The number one open source intelligence source that people with evil intent will try to use against you, or to identify you, is your social media profiles. You make a malicious person’s life significantly more difficult by simply locking down your social media profiles so that nobody except people you know personally can view them, or that the data that is publicly visible is not enough to provide the attacker an advantage.


 

  1. You joined your social media profile to your dating site account.

We’ve previously discussed the privacy risk posed by sharing photos, usernames, and email addresses between your private dating profile and the rest of your online presence. Linking your social media accounts may be a simple and timesaving way to create an account on many dating sites and apps, but these sites frequently import most of the data we’ve discussed above directly into your dating profile and account. Given all the points we’ve discussed previously, this is obviously not a wise choice.

I highly recommend using an entirely new and separate email account to sign up for a private dating profile. If the site in question absolutely requires linking a social media account, start a new one without unnecessary personal details.


 

  1. You forgot that social engineering (and catfishing) happen, and can happen to you.

No matter who you are, which gender you are, what you do for a living, or how much money you make, you can be a target for fraud or social engineering. Somebody who wants to manipulate or identify you on a dating site may attempt to gain your trust before drawing you into a trap. If something doesn’t feel right, it probably isn’t. If something seems too good to be true, it probably is. Be very cognizant of members leading you into revealing unusual personal details, compromising photos, or financial information. Dating sites are fair game to cyber-criminals.


 

  1. You weren’t aware that you were accepting risk.

Dating online, like the rest of our lives, carries some inherent risk. The level of risk associated with joining a dating site and interacting with others on that site varies by each individual’s situation. For example, this risk may be to your reputation if your profile (or behavior with other users) were publicized, or to your personal safety if your location or identity were compromised.

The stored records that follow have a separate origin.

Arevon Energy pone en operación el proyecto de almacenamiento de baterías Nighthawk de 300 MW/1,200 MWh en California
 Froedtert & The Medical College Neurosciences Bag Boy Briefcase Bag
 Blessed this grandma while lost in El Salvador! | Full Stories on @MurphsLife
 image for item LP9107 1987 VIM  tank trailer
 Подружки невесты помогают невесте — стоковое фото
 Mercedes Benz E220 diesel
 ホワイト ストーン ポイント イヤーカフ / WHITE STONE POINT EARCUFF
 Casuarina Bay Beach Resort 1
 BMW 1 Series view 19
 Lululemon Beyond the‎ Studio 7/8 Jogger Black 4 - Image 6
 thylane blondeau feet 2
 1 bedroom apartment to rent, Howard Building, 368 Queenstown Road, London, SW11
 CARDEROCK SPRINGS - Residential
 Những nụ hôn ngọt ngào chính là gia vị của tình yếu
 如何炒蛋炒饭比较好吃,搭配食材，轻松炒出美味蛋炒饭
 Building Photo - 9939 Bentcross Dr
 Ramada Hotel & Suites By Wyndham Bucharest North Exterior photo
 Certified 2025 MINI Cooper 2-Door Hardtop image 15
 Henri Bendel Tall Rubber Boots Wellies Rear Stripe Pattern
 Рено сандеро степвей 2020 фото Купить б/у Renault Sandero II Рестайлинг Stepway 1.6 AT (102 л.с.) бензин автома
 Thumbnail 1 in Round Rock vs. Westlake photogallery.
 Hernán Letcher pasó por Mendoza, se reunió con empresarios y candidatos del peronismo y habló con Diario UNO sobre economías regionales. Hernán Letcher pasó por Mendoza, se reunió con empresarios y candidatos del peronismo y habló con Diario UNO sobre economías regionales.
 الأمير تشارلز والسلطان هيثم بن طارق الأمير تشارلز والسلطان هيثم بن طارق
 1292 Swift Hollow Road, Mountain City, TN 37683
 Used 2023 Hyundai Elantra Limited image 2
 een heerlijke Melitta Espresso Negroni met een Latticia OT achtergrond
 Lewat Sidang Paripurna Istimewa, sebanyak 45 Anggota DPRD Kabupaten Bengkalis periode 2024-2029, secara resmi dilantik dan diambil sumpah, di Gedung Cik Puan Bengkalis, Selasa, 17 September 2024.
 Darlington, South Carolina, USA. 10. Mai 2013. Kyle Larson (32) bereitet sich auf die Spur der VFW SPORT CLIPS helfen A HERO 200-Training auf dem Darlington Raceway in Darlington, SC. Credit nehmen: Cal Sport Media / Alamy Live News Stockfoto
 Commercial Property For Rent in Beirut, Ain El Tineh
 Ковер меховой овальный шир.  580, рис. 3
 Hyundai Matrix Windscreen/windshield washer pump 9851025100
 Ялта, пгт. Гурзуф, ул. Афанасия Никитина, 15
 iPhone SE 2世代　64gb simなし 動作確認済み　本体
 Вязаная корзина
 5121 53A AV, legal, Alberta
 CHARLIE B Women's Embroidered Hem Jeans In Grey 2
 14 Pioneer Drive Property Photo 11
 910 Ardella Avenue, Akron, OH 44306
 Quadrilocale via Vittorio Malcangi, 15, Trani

Online dating is a great option for many people and many healthy relationships exist today because of it. You must simply consider what level of risk you’re willing to accept before doing it. Even if you are meticulous in protecting your online presence, there will always be circumstances outside your control. What would the consequences be if the site were breached, and your identity and interactions were posted online or sent to your employer or family? If somebody successfully identified you, how easy would it be to find your street address or place of business? Like any other activity that carries some significant risk, you must consider these types of questions and make your own informed decision.